Farsi teachers usually use the grammar-analysis and audio-lingual methods. Teachers encourage students to memorize grammar rules and dialogues, which never produce communicative skill. In fact, these methods of instruction are not able to teach the student to communicate creatively.
Why TPRS Method?
More than ever before, today’s Farsi language teachers need more innovative and effective instructional strategies to keep their students motivated and actively involved. Recently, a number of powerful methods have been effective using a “listen first” approach for learning other languages especially English and Spanish. These natural methods help learners to focus most of their energy on listening until they can understand native speakers using the language. Only after that learners can switch their focus to other language skills.

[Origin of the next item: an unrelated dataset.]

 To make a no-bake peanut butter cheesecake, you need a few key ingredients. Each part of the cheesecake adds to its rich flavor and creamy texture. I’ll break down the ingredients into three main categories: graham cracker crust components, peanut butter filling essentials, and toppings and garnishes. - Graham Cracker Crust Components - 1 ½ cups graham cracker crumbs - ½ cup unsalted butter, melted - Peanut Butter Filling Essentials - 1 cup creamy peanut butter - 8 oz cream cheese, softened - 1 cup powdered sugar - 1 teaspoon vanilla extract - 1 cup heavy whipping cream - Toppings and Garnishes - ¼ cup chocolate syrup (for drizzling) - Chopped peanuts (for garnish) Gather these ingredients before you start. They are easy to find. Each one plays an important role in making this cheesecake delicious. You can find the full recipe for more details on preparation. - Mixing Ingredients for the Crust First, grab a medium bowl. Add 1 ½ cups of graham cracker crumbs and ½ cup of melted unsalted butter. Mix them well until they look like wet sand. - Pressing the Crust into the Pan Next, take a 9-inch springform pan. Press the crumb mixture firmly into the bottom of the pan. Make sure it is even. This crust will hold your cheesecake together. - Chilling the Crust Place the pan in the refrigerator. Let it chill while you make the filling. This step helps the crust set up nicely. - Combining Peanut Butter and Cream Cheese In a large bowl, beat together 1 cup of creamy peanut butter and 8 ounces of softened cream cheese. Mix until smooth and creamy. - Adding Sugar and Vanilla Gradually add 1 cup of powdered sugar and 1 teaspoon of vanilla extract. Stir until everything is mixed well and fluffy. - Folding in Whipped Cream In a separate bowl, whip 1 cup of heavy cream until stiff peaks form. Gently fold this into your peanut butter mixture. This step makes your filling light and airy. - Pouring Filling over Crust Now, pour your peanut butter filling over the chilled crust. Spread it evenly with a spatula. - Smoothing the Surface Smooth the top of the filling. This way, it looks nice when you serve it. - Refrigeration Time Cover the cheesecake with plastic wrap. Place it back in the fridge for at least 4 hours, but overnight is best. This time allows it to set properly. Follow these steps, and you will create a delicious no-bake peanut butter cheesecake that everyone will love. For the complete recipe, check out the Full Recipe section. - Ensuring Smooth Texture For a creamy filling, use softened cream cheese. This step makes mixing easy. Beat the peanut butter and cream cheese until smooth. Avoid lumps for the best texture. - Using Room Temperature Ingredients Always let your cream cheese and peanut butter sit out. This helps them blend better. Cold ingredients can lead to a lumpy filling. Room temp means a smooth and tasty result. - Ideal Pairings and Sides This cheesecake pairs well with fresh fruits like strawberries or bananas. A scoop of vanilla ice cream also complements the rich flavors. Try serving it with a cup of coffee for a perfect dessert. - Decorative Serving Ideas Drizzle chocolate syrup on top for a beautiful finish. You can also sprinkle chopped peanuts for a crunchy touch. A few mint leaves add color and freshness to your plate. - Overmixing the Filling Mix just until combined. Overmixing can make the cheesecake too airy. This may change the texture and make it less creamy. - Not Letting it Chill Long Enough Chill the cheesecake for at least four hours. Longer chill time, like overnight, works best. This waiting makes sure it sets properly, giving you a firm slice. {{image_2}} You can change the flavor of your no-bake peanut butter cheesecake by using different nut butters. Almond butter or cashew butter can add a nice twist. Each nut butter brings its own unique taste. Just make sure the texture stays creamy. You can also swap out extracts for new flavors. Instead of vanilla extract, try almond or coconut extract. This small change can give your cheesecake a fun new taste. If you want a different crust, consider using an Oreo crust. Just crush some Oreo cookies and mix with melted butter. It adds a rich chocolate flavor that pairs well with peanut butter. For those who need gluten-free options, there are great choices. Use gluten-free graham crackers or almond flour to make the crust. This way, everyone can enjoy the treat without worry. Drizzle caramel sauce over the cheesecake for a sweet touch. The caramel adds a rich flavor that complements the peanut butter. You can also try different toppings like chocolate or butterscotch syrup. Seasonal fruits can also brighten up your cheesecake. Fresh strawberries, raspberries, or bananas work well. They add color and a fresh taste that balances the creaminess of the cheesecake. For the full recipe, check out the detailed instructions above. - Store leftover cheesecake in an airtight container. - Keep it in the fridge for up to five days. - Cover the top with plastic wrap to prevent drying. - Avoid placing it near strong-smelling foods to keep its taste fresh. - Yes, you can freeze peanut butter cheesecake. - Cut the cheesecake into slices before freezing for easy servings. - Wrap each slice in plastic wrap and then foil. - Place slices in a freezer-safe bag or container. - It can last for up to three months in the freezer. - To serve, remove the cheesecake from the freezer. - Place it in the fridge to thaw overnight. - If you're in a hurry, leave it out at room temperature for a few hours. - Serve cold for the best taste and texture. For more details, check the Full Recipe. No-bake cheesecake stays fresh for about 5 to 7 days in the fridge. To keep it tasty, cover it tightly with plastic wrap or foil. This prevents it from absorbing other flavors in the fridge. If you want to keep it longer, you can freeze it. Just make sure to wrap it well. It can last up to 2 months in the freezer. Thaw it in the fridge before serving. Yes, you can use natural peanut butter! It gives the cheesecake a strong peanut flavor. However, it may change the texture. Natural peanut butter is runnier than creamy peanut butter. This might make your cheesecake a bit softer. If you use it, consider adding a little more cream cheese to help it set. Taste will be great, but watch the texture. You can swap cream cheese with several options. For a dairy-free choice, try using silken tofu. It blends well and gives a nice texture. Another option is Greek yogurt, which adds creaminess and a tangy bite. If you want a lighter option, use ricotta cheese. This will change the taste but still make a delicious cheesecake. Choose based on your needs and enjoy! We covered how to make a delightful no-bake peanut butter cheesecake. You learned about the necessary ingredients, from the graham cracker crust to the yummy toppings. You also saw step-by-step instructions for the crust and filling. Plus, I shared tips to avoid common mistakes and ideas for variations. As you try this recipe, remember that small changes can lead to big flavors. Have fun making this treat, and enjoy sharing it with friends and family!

One of these effective teaching methods is called TPRS (Teaching Proficiency through Reading and Storytelling). It is a method for teaching foreign languages invented by Blaine Ray, a Spanish teacher in Bakersfield, California, in 1990. TPRS is a technique which uses entertaining stories to introduce and reinforce vocabulary and grammar. It focuses on building proficiency by encouraging students read short stories. In this method, students are not drilled in grammatical paradigms. Instead, the grammatical structures and new vocabularies are delivered in the context. Therefore, students acquire proficiency in a conversational way. They don’t learn about the language; instead, they learn how to use the language.
TPRS has been effective in learning other languages and it can be very helpful for learning Farsi effectively. The best way to help students develop both fluency and accuracy in Farsi is to expose them to large amounts of comprehensible input. The phases and procedures in TPRS help Farsi teachers to offer this input by making Farsi spoken in class comprehensible and attractive.
How to use TPRS for teaching Farsi?
In the first step of TPRS, the Farsi teacher presents sentences structures and vocabulary through examples in Farsi, and ensures student comprehension through gestures and writing target structures on the board in Farsi and in the students’ native language.
The next step is reinforcing the structures by asking questions about the story. The teacher introduces the outline of a story in Farsi and asks students to provide the details. The teacher solicits student responses by asking why, who, when, where and how questions, thus continually recycling the vocabulary and the grammar.
Finally, the same vocabulary and grammar structures are used in a class reading to verify students’ comprehension. Sometimes, teachers may refer to grammar briefly with rapid explanation, but, the stress is always on meaning and comprehension.
One of the most important concerns about using TPRS method for teaching Farsi is lack of training resources and textbooks. The good news is that existing Farsi Language textbooks can easily be adapted for use in TPRS techniques by simply taking the words being taught, and utilizing gestures and stories. In fact, TPRS fits into any standard Farsi language courses. However, the most important element of a successful TPRS program is the awareness that the focus is the students, not the books or even the stories. A good relationship with students is the foundation of a TPRS program.